The Bay of Fundy is yet another rift basin, which separates New Brunswick from Nova Scotia. It’s famous for its incredible tidal range, which exceeds 15 meters. We didn’t make it all the way to the north end of the bay where the range is the largest, and we didn’t have time to sit through an entire tidal cycle. Even so, the tides are impressive. The image at left shows the Harbor at Saint John about 90 minutes after low tide, as the tide was coming in. The image on the right was taken about 3 hours later, still more than an hour before high tide.
Even at the mouth of the bay there are pretty large tides. Tidal Falls is located in Maine northeast of Acadia National Park (there’s an overlook at 44.520198 N, 68.221869 W). Strong tidal currents flow through this area, complete with rapids. In the video clip below, the ocean is to the right, so the current is flowing away from the ocean on the incoming tide:
One of the major attractions in Saint John is Reversing Falls. During most of the year, the level of the Saint John River is higher than the Bay of Fundy’s low tide, and lower than high tide. That means that as the tide comes in it’s actually higher than the river and the water flows upstream, and that it reverses at low tide. Where the two bodies of water meet there is an almost continuous turbulent rapids.

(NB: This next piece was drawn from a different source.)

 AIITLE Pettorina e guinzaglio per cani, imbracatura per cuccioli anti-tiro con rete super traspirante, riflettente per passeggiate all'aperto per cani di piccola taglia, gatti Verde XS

The only time it lets up is during the brief moments each day when the river and bay levels are the same.
Of course, during the spring the river is swollen with runoff from melting snow and rain, so during most of May the river is higher than the bay even at high tide. But you still get the turbulent flow at the boundary of the two bodies of water, with whirlpools and standing waves:
At some point we plan to return to the Bay of Fundy, and spend some time at the north end of the bay observing the entire tidal range.